LA VERA NOVITÀ di questa calda estate 2012 non è lo sconto sui carburanti IP che la Fiat riserva ai suoi nuovi clienti (una bella idea di marketing, ma con qualche incognita di troppo per il consumatore, come scriviamo nella nostra inchiesta a pagina 12), quanto la discesa dei prezzi dei combustibili. Innescata dall’operazione “Riparti con Eni”, questa tendenza è qualcosa di concreto, che tocca direttamente le tasche. Il popolo degli automobilisti più tartassati d’Europa lo sa e ha risposto, se è vero che l’iniziativa della compagnia petrolifera italiana (subito rilanciata da altri operatori come Esso e Q8) ha attirato nelle sue stazioni di servizio tre milioni di auto nel primo weekend e addirittura cinque nel secondo.

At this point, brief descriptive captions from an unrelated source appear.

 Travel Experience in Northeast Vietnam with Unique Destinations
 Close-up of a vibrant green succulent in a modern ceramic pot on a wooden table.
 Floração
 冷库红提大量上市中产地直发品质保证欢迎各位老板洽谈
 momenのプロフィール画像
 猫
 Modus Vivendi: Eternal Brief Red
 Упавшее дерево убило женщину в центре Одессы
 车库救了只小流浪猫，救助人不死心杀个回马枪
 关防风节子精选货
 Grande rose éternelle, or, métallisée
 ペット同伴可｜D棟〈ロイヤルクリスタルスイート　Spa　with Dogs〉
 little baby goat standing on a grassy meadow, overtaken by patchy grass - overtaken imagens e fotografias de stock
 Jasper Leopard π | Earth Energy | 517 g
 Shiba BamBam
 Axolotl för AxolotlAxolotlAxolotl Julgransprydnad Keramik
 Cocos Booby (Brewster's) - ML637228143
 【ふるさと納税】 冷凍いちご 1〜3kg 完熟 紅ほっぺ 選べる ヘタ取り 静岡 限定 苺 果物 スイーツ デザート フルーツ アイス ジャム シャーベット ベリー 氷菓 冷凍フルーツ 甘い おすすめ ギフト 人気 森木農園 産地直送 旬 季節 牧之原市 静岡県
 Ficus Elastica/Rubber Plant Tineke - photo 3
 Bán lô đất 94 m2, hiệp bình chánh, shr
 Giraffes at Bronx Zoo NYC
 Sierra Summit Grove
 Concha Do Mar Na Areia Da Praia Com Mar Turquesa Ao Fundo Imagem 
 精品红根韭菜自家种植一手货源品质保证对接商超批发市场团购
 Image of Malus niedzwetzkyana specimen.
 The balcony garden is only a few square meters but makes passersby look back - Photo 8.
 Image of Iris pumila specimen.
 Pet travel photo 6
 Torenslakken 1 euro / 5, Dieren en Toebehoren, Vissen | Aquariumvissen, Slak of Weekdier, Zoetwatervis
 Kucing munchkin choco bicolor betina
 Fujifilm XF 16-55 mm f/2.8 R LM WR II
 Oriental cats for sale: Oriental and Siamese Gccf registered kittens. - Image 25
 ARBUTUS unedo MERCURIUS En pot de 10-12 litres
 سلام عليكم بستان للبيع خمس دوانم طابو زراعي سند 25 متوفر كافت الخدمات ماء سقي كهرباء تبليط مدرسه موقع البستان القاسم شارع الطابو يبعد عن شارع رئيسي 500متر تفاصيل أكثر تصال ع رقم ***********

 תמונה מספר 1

CON LA BENZINA A 1,580 EURO il litro e il gasolio intorno a 1,480, il beneficio per i consumatori è nell’ordine dei 10 euro a pieno. Niente male, ma il vantaggio circoscritto al fine settimana sarebbe poco rilevante se il lunedì mattina si fosse tornati ai livelli insostenibili dei giorni precedenti. Non è andata così: il generale raffreddamento dei prezzi è sotto gli occhi di tutti. Che cosa è successo? I petrolieri si sono trasformati in un’associazione di beneficenza? Non scherziamo. Nei primi cinque mesi di quest’anno i consumi dei carburanti sono scesi del 10,5%: andare in macchina ormai costa talmente tanto che, appena è possibile, si rinuncia a usarla. Allarmate da una situazione senza precedenti, le compagnie sono semplicemente corse ai ripari: sanno bene che un giorno di sciopero degli automobilisti non serve a niente, ma anche che, se la gente si abitua a disertare i distributori, per loro sono guai.
ALL’ENI, L’OPERAZIONE COSTA 180 milioni di euro: dicono di considerarli un investimento “in immagine”. La cifra è grossa: sono poche le grandi aziende che ogni anno spendono altrettanto in pubblicità. Saranno soldi ben impiegati, però, soltanto se l’iniziativa (pesantemente criticata dall’Assopetroli, l’associazione delle piccole e medie imprese petrolifere che accusano la compagnia di concorrenza sleale ai loro danni) contribuirà davvero a introdurre un po’ di concorrenza nel settore. Quello della vendita dei carburanti è uno dei mercati più “blindati”: per aprirne le porte a vantaggio dei consumatori non bisogna fermarsi qui. Né dimenticare che, oltre alle tasse e alle accise, un certo peso sul prezzo alla pompa lo ha anche il costo del petrolio, da mesi in discesa.